Yeah, I feel like I am taking crazy pills when I hear people say this sounds great, its still far to echo-y

[-]

manmaynakhashi@reddit (OP)

use better reference audio and you'll get better sound, it can do voice cloning.

[-]

HelpfulHand3@reddit

It's based on LTX so it's going to sound bad even if it is expressive
nothing to do with reference voice - this is how the audio in the videos sound too

[-]

ghulamalchik@reddit

People talk about the fidelity, the expressiveness, you're talking about the quality. Both are true.

[-]

RAZA_2666R@reddit

Finally an open model that actually sounds like a real person emotes

[-]

silenceimpaired@reddit

Sounds like it was trained on the cartoon Joker from the Batman series.

[-]

Sanity_N0t_Included@reddit

Luke Skywalker?

[-]

manmaynakhashi@reddit (OP)

Nope it's just a reference for voice cloning , it's based on ltx2.3 so i think base model might have been trained on that, i have just repurposed it for audio only.

[-]

ShawnnSmuts90@reddit

close.. not there though

[-]

TheGoddessInari@reddit

Huh. Random Conan.

[-]

Guinness@reddit

/r/gonewildaudio (NSFW) would fucking love this.

[-]

dyeusyt@reddit

sounds perfect for indie game Devs to use this in their games.

[-]

Salt-Powered@reddit

Why would people who famously put their soul into their art, use a souless machine in their creation? AAA studios for sure though

[-]

wntersnw@reddit

Maybe finding and hiring voice actors, negotiating rates, licensing, budgeting, etc. feels more soulless than just creating what they want on their computer?

[-]

o5mfiHTNsH748KVq@reddit

Those types of people are vocal, but mot the majority of developers. You find more of that mentality around the indie dev scene and people that hold their products on a pedestal.

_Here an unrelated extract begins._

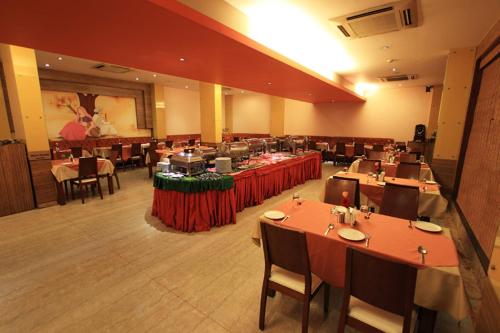 Restaurant, Parijatha Gateway Hotel near Orion Mall Restaurant, Parijatha Gateway Hotel near Orion Mall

Anyway, the future of gaming is dynamic content on demand. Not all games, but this is an emerging genre.

[-]

Sixhaunt@reddit

lots of indie game devs have more specialized skillsets or enjoy certain aspects of game development more than others and so they would prefer to automate away the annoying parts and focus on the creative parts that they enjoy doing. Many people have a vision for something but not every single skillset required to pull it off.

[-]

iMakeSense@reddit

They say typing on the soulless machine they're on on this soulless website

[-]

polawiaczperel@reddit

Costs

[-]

manmaynakhashi@reddit (OP)

to save studio money ?

[-]

o5mfiHTNsH748KVq@reddit

Don’t let gamers see this comment, they’ll fucking panic.

[-]

Disposable110@reddit

No one has 24GB of free VRAM though, especially not when running a game on the side that already wants at least half of that.

[-]

manmaynakhashi@reddit (OP)

you can run it on 8 gb of vram , for indie game you can generate audios and use it in game , not literally running model inside the game lmao

[-]

Xp_12@reddit

they were probably thinking this was the other project. fwiw I got scenema running on a 5060ti 16gb, but it didn't sound great at int8 and was slow with CPU offload. I'll give your project a go.

[-]

manmaynakhashi@reddit (OP)

lot of usecases, more on the creative side then agentic side.

[-]

polawiaczperel@reddit

I remember your first post a while ago. Thanks for the code.

[-]

rm-rf-rm@reddit

yeah grateful as well as I wanted to find this again and given how many new projects i come across everyday I had no idea how I was going to find it, even in my github stars

[-]

manmaynakhashi@reddit (OP)

thank you for supporting.

[-]

ghulamalchik@reddit

Impressive fidelity, bad quality. I wish it didn't sound like they're speaking through a pipe.

[-]

Genebra_Checklist@reddit

it's comunnity only or can we use for monetized projects?

[-]

manmaynakhashi@reddit (OP)

i don't know it's based on ltx2.3 so i have to add the same license according to what they have mentioned , i think you will be fine untll you hit 10M , you can refer to the license , not a legal advice.

[-]

addictiveboi@reddit

This is AWESOME. I thought when I used LTX a couple of months ago "this has way better voice acting than TTS engines". You guys are awesome for actually creating this, and the fact that you have voice cloning aswell is just mind blowing to me. Gonna download this and try it in a little bit!!!

[-]

EveningIncrease7579@reddit

What about scenema audio, this is more lighter?

[-]

manmaynakhashi@reddit (OP)

yes much lighter if you offload gemma model you can do inference under 8 gb vram.